**Aim of the task:** Copy out all of the data that follows, exactly as it appears.

═══ Exercise data ═══

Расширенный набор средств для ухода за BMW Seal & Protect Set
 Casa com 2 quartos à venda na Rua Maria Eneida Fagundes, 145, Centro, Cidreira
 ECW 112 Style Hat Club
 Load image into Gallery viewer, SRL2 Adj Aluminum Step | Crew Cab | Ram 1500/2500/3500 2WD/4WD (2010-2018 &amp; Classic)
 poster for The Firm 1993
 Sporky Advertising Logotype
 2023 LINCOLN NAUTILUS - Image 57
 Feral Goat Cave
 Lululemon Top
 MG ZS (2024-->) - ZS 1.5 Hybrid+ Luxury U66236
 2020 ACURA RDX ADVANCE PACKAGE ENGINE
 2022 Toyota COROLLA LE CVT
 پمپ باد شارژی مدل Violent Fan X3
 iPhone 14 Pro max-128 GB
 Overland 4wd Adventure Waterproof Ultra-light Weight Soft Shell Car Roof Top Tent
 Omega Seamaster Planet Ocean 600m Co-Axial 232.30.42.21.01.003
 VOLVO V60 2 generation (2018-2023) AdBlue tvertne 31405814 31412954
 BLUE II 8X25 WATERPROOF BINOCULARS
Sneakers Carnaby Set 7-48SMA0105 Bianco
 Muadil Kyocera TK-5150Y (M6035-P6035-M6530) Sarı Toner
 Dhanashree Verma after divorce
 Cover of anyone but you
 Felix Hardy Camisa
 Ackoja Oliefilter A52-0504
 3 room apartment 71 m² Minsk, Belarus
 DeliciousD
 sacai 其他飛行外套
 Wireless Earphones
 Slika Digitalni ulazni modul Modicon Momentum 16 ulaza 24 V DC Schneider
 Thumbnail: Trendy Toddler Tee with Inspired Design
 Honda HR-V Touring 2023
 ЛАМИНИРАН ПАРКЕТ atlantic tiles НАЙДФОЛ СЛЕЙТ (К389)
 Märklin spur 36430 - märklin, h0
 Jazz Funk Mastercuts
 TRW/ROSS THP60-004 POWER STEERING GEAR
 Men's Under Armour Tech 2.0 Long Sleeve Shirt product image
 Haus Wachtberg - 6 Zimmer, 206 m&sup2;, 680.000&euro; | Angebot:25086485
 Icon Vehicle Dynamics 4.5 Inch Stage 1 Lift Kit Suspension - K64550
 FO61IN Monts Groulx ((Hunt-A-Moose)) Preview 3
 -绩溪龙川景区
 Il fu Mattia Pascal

═══

**Written response:**
Расширенный набор средств для ухода за BMW Seal & Protect Set
 Casa com 2 quartos à venda na Rua Maria Eneida Fagundes, 145, Centro, Cidreira
 ECW 112 Style Hat Club
 Load image into Gallery viewer, SRL2 Adj Aluminum Step | Crew Cab | Ram 1500/2500/3500 2WD/4WD (2010-2018 &amp; Classic)
 poster for The Firm 1993
 Sporky Advertising Logotype
 2023 LINCOLN NAUTILUS - Image 57
 Feral Goat Cave
 Lululemon Top
 MG ZS (2024-->) - ZS 1.5 Hybrid+ Luxury U66236
 2020 ACURA RDX ADVANCE PACKAGE ENGINE
 2022 Toyota COROLLA LE CVT
 پمپ باد شارژی مدل Violent Fan X3
 iPhone 14 Pro max-128 GB
 Overland 4wd Adventure Waterproof Ultra-light Weight Soft Shell Car Roof Top Tent
 Omega Seamaster Planet Ocean 600m Co-Axial 232.30.42.21.01.003
 VOLVO V60 2 generation (2018-2023) AdBlue tvertne 31405814 31412954
 BLUE II 8X25 WATERPROOF BINOCULARS
Sneakers Carnaby Set 7-48SMA0105 Bianco
 Muadil Kyocera TK-5150Y (M6035-P6035-M6530) Sarı Toner
 Dhanashree Verma after divorce
 Cover of anyone but you
 Felix Hardy Camisa
 Ackoja Oliefilter A52-0504
 3 room apartment 71 m² Minsk, Belarus
 DeliciousD
 sacai 其他飛行外套
 Wireless Earphones
 Slika Digitalni ulazni modul Modicon Momentum 16 ulaza 24 V DC Schneider
 Thumbnail: Trendy Toddler Tee with Inspired Design
 Honda HR-V Touring 2023
 ЛАМИНИРАН ПАРКЕТ atlantic tiles НАЙДФОЛ СЛЕЙТ (К389)
 Märklin spur 36430 - märklin, h0
 Jazz Funk Mastercuts
 TRW/ROSS THP60-004 POWER STEERING GEAR
 Men's Under Armour Tech 2.0 Long Sleeve Shirt product image
 Haus Wachtberg - 6 Zimmer, 206 m&sup2;, 680.000&euro; | Angebot:25086485
 Icon Vehicle Dynamics 4.5 Inch Stage 1 Lift Kit Suspension - K64550
 FO61IN Monts Groulx ((Hunt-A-Moose)) Preview 3
 -绩溪龙川景区
 Il fu Mattia Pascal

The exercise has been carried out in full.